▶ [Your objective]: Here is the listing. Report each line in it that contains the string "mountains".

▶ [Information shown]:
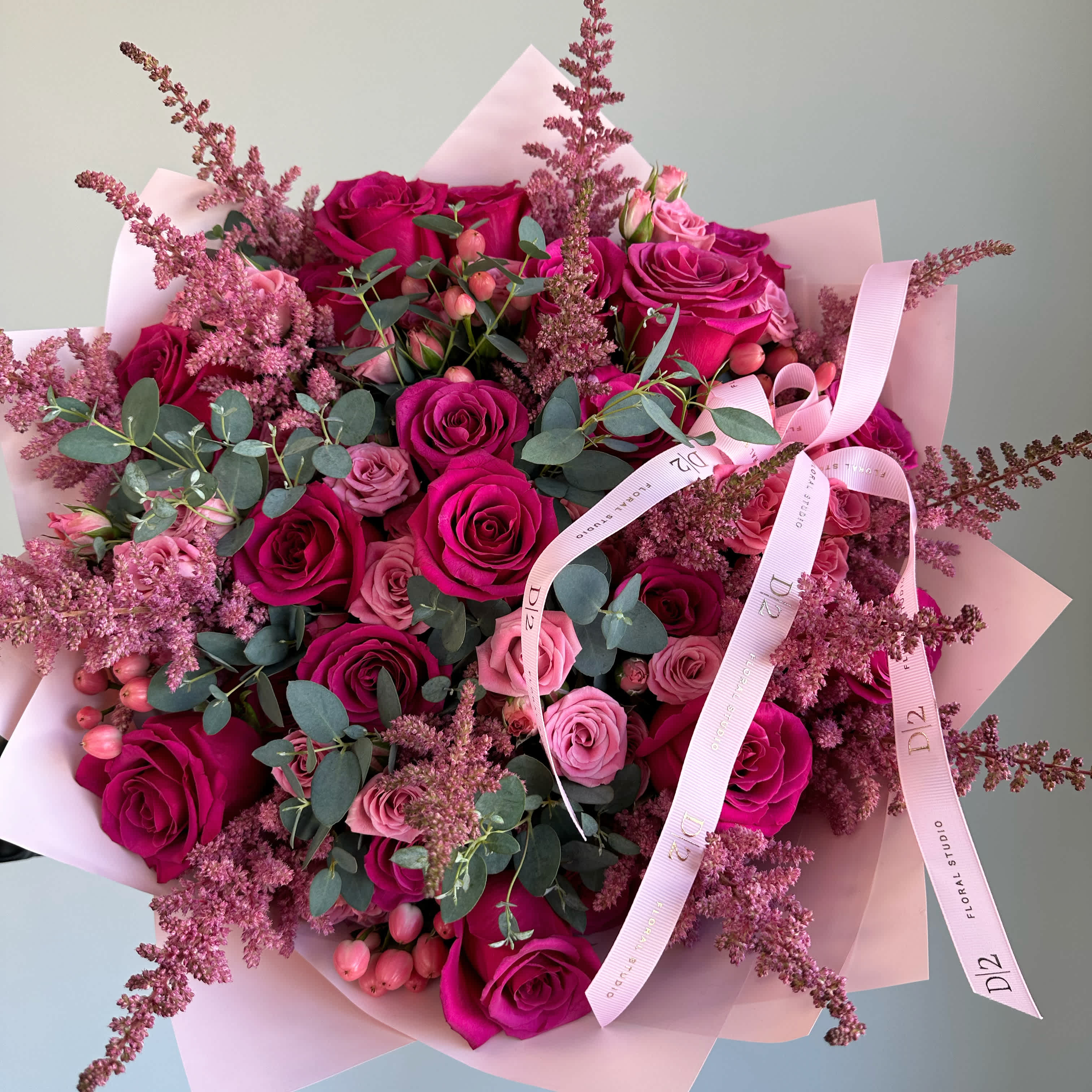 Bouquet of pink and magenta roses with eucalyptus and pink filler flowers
...
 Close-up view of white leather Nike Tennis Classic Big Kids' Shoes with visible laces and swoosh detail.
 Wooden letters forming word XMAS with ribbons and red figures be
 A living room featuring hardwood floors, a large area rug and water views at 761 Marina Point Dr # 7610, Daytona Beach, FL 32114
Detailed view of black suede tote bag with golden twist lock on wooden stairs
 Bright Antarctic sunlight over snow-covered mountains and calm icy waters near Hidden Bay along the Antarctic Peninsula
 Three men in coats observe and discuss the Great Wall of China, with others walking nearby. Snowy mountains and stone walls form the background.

▶ [Response for this exercise]:
 Bright Antarctic sunlight over snow-covered mountains and calm icy waters near Hidden Bay along the Antarctic Peninsula
 Three men in coats observe and discuss the Great Wall of China, with others walking nearby. Snowy mountains and stone walls form the background.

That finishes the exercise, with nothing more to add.